What needs reproducing is the run of lines in the data below starting at the line with "an image of" and ending at the line with "a bedroom with a bed and a chandelier", both ends included. Copy it exactly, without pictures, and add nothing.

**SUPPLIED INFORMATION**
--------------------

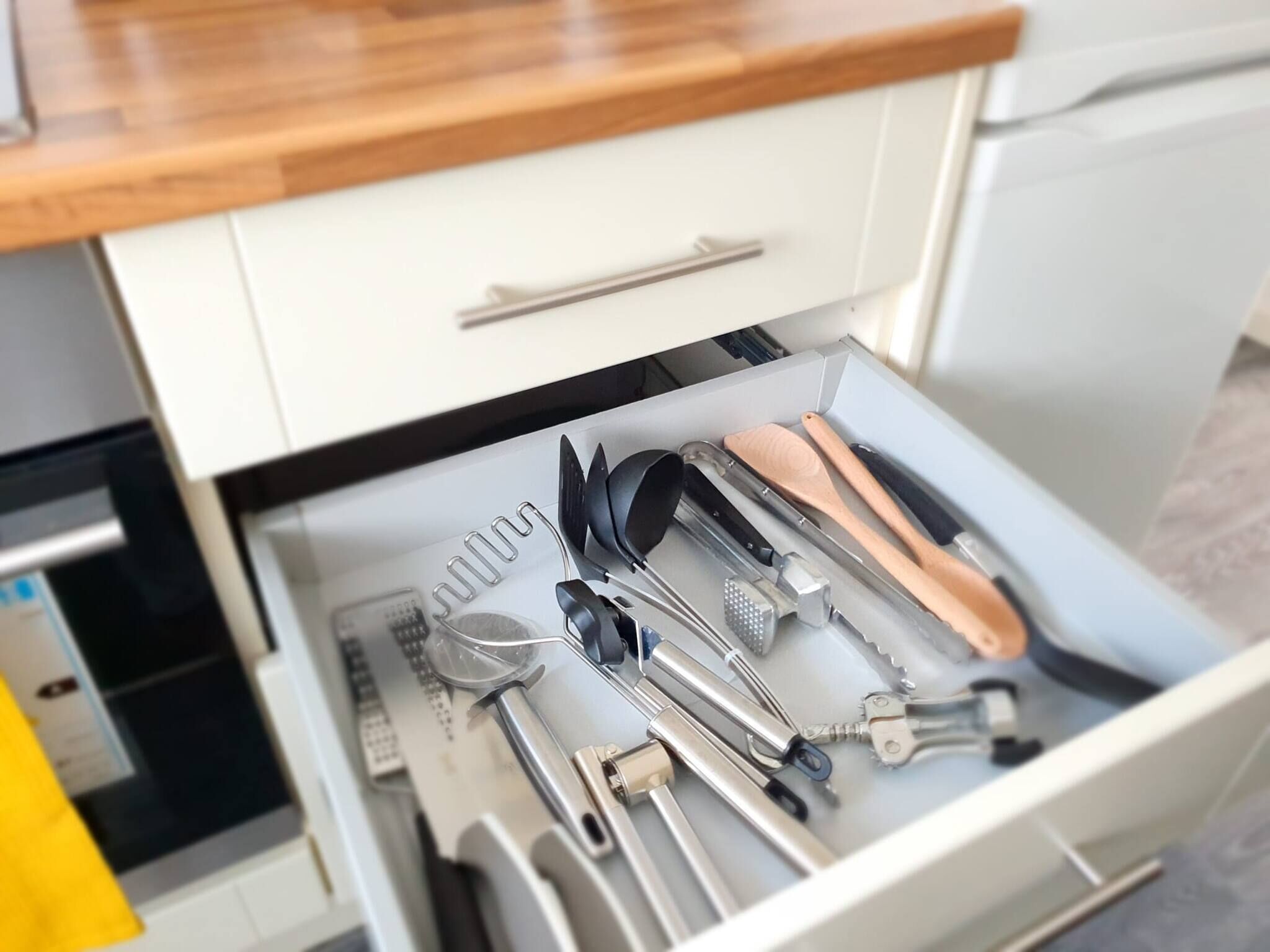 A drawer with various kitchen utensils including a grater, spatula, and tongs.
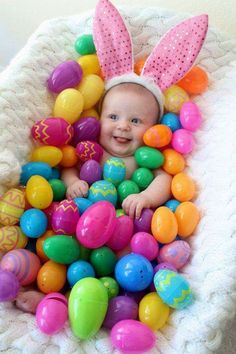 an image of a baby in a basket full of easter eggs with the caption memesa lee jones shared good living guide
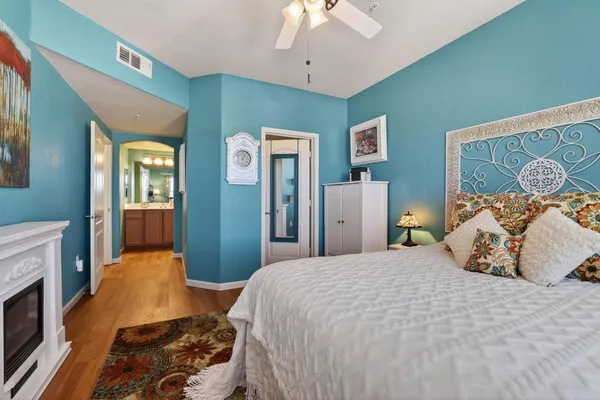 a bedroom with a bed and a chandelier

--------------------

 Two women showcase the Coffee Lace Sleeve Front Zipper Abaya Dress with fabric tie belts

--------------------

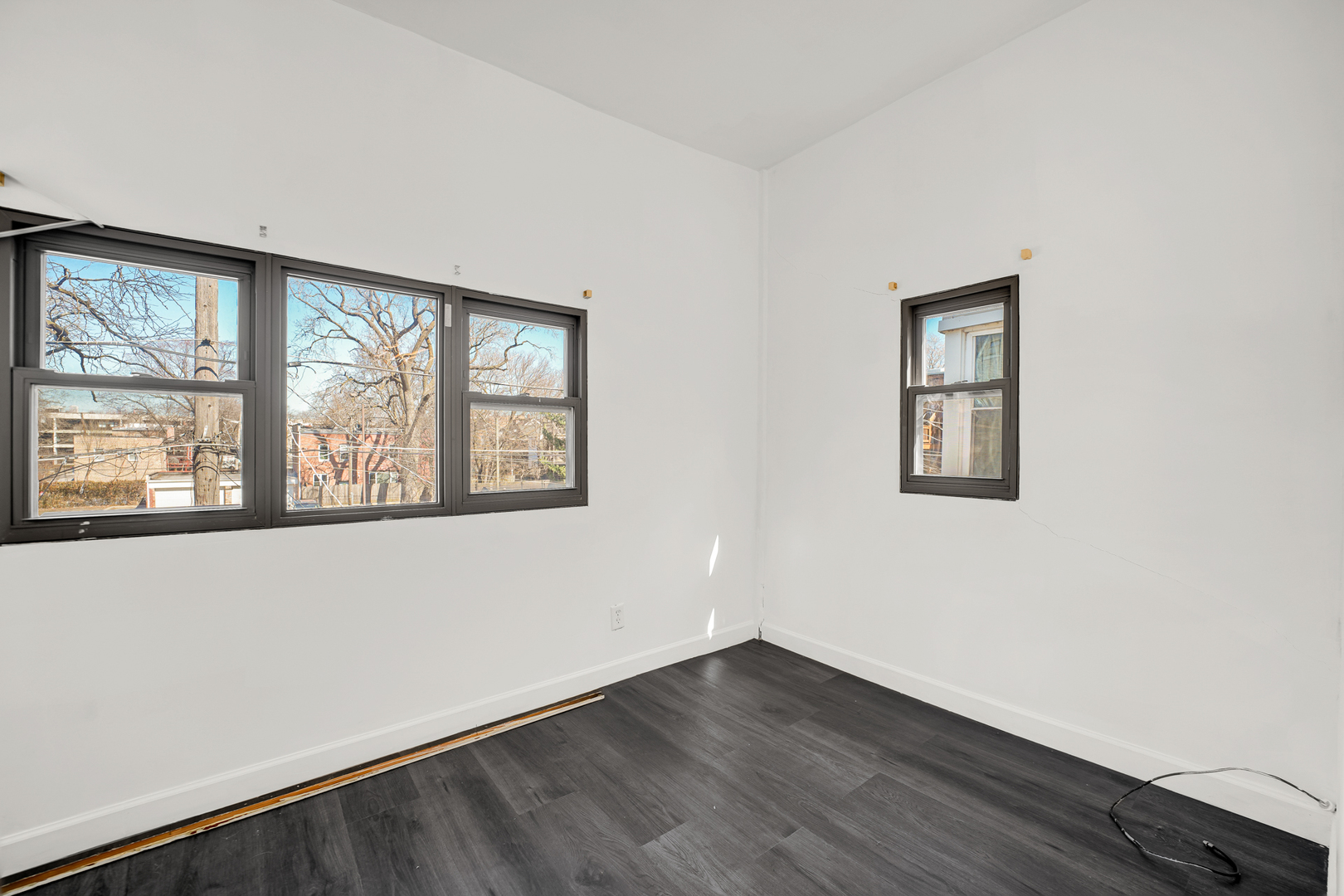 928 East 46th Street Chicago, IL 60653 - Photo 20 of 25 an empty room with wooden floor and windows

--------------------

**TASK RESULT**
 an image of a baby in a basket full of easter eggs with the caption memesa lee jones shared good living guide
 a bedroom with a bed and a chandelier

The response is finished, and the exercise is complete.